Malaysia’s Minister of Investment, Trade, and Industry, Johari Abdul Ghani, announced on Sunday, 15 March that the Reciprocal Trade Agreement between the two nations is no longer valid.
The decision was taken following the US Supreme Court’s ruling on 20 February 2026, which invalidated the Trump administration’s reciprocal tariff policy previously implemented under the International Economic Emergency Powers Act (IEEPA). The court determined that the president lacked legal authority to impose broad tariffs under that legislation, thereby nullifying the foundation of the trade agreement.
“The agreement is not suspended. It no longer exists, it is void, and it is not in effect,” said Johari. He added that the US still possesses other instruments, such as tariffs under Section 122 or Section 301 investigations.
The agreement was previously signed on 26 October 2025 in Kuala Lumpur by Prime Minister Anwar Ibrahim and President Trump. Negotiations were led by former trade minister Tengku Zafrul Aziz.
Under the agreement, Malaysia successfully avoided tariffs as high as 47% by negotiating a reduction to 24%, then further to approximately 19%. In return, Malaysia granted expanded market access and various policy concessions to the United States.
However, following the US Supreme Court’s decision to invalidate the reciprocal tariff policy, the Trump administration implemented a uniform 10% tariff on all trading partners under Section 122. This situation meant that countries with special agreements no longer gained preferential advantages compared to nations without such agreements.

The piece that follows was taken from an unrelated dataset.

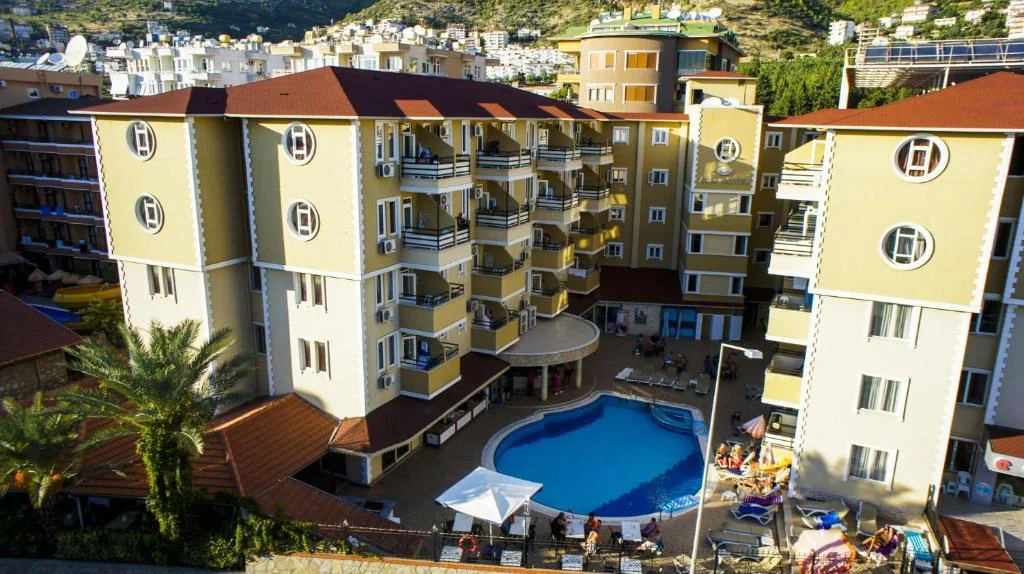 Hotel Kleopatra Ada 4* – fotografija 2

Analysts identify two major factors that could drive other countries to follow Malaysia’s lead. Firstly, the economic value of the trade agreement has declined sharply following the invalidation of the reciprocal tariff policy.
Major trading partners including the European Union, Japan, South Korea, Vietnam, Indonesia, Bangladesh, and India previously received tariffs of 15%–20% and provided significant concessions regarding market access, procurement, and regulation. However, they now receive the same tariff treatment as countries that did not sign an agreement.

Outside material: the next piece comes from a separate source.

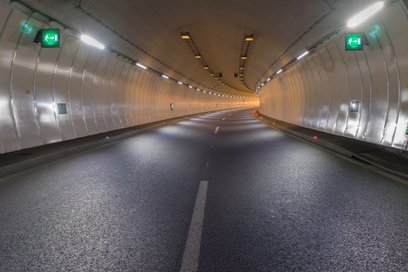 Tunel w Sulejówku wymaga naprawy [zdj. ilustracyjne]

Secondly, trade pressure from Washington has continued despite the agreement. On 11–12 March 2026, the US Trade Representative Office (USTR) launched new investigations under Section 301 against major economies, including those with trade agreements with the US, concerning industrial policy and alleged forced labour practices.

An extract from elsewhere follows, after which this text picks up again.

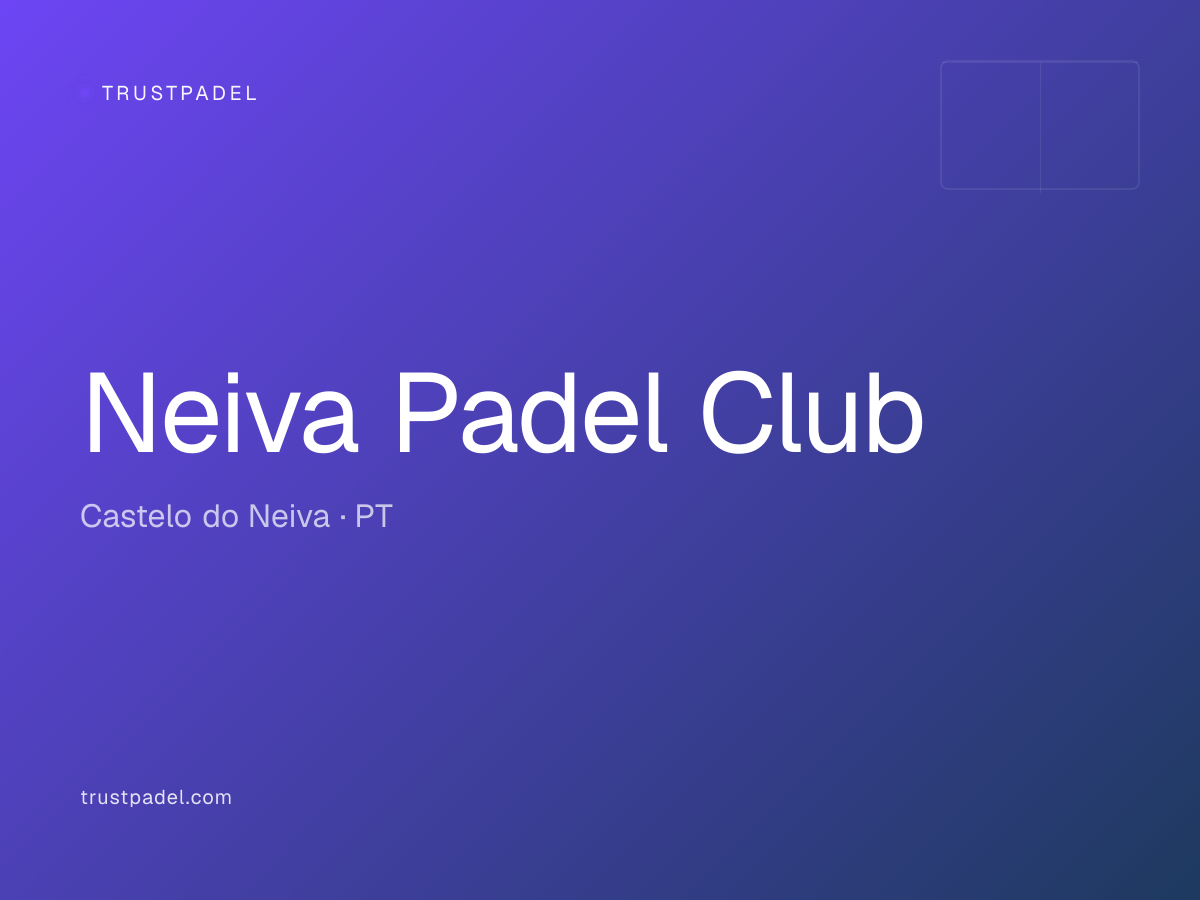 Neiva Padel Club padel club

This situation demonstrates that partner countries remain at risk of facing further investigations and additional tariffs despite having granted substantial concessions.
For many governments, this raises fundamental questions about the benefits of maintaining politically costly agreements if tariff treatment remains identical and trade pressure persists. Malaysia’s decision to cancel the agreement is expected to potentially trigger similar action from other nations.